On Thursday 10 November, in the early hours of the morning, there was a knock on the door. I was not expecting any visitors, and you know the knock when you hear it.
Two police officers forced their way into my room and raided my cupboards, my drawers, my bags, ordering that I delete all the images in my possession of the night Baloyi was killed. They insisted that I had “defeated the ends of justice” and confiscated my laptop and cellphone which had everything on it, including images of the killing. They did all this without a warrant. The next day I went to the police station with a legal representative and the intimidation continued.
One of the policeman, Officer Mabuza, said that he wanted me to come to the police station alone so that we could have a “friendly and gentlemanly “conversation with regards photographs I had taken. They wanted me to delete the images of Baloyi’s death permanently.
I fear for my safety, policemen have told me that I am being watched and I no longer feel safe in my residence- as a student, or as a journalist. Afcho have unlimited access to the building where I live and since they did not prevent the police coming in and confiscating my laptop and phone earlier this month, without a warrant, what is to prevent law enforcement from accessing my private space, which I pay for as a student, and doing worse?

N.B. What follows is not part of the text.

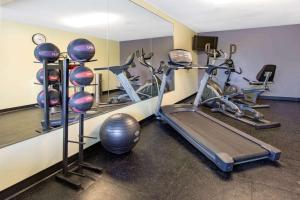 a gym with several exercise bikes and a mirror at Days Inn by Wyndham Grantville in Grantville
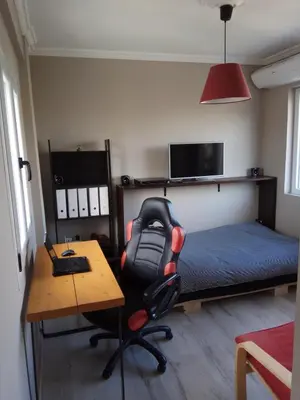 a bedroom with a desk and a chair and a bed at Rooftop cozy loft in Athens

How can I trust lawless policemen who confiscated my equipment? I have been taking images of student protests over the past few months and I am well aware that student journalists are targeted for the work they’re doing on the ground. Even though Baloyi’s killing was not protest related, it speaks to the kind of access security guards have to student residences. Even under the care of the university, we are not safe. Despite this. I will not be silenced.